S
eth Jones, a former mortgage broker in Florida, has a rule for real-estate investing: only rent out homes that generate 1% or more of their value. He sold his 10 properties and invested the money in an exchange-traded fund portfolio.
Jones started buying investment properties in 2015 and began selling them off in 2020 to diversify his portfolio. He had a goal of owning 100 doors, but instead focused on building a conservative real-estate business that would eventually support him and his family.
As a mortgage broker, Jones developed the "1% rule," which guides his investment strategy. The rule is simple: if he can rent out a property for more than 1% of its value, it's a good deal. He uses this rule as a guidepost to quickly analyze potential investments.
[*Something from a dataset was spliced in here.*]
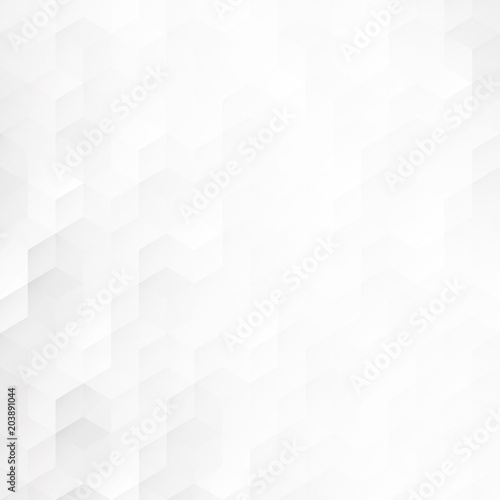 Light abstract background with geometric shapes. Vector white and gray texture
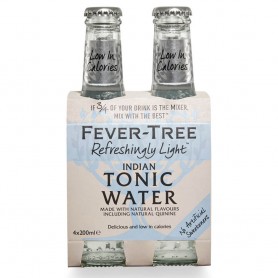 FEVER TREE REFRESHINGLY LIGHT INDIAN TONIC WATER CL.20 X 4 FLASCHEN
After growing his portfolio, Jones opened his own mortgage brokerage in 2018 and was able to target higher-quality properties in top school districts. However, he became concerned about the risks of owning properties in Florida due to hurricane threats and decided to diversify his portfolio by buying a property in South Carolina.
The COVID-19 pandemic caused a real-estate boom, but Jones anticipated that property values would decline. He sold several properties between 2019 and 2023, including one he purchased for $190,000 that he was able to sell for $500,000. He invested the proceeds in a diversified ETF portfolio.
Jones has no regrets about selling his properties and believes that fundamentals matter when it comes to real-estate investing. He appreciates the simplicity of not having external worries and late-night phone calls from tenants. While there is still stress involved with trading stocks, Jones feels that life is much easier without the burdens of property ownership.